Abstract

The study examines the performance of defensive stocks during market downturns in the Indian stock market. The research focuses on the period from January 2000 to December 2023. In this study selected stocks from the Fast-Moving Consumer Goods (FMCG) sector (HUL, ITC, Britannia Industries) and Pharma sector (Sun Pharmaceuticals Industries, Dr Reddy Laboratories and Cipla) have been taken into consideration. Five key metrics are covered to assess the stock’s performance: Stock return, Correlation, Beta Compound Annual Growth Rate (CAGR), and Dividend yield. For stock return a comparison is made between stock market return and selected stock return, also the average return of each stock is calculated and compared with the average market return during market downturns. Correlation has been used to understand if there is a relationship between stock returns and nifty returns.

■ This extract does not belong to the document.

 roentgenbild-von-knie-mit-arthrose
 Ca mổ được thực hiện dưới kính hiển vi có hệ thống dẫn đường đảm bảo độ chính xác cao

Beta has been used to understand the sensitivity of the stock in relation to the market and Compound Annual Growth Rate has been used to analyze the long-term stability of each stock. The average dividend yield is calculated to understand the extra return that an investor can get on his investments on top of capital gain. The study findings revealed that incorporating stocks from the Fast-Moving Consumer Goods (FMCG) and Pharmaceutical (Pharma) sectors protects investors against market downturns, Additionally, the research highlights the long-term stability of returns associated with defensive stocks, making them a valuable component for investors seeking portfolio diversification and a buffer against market fluctuations. Keywords: Defensive Stocks, Market Downturns, Stock Market Return, Beta, CAGR, FMCG, Pharma.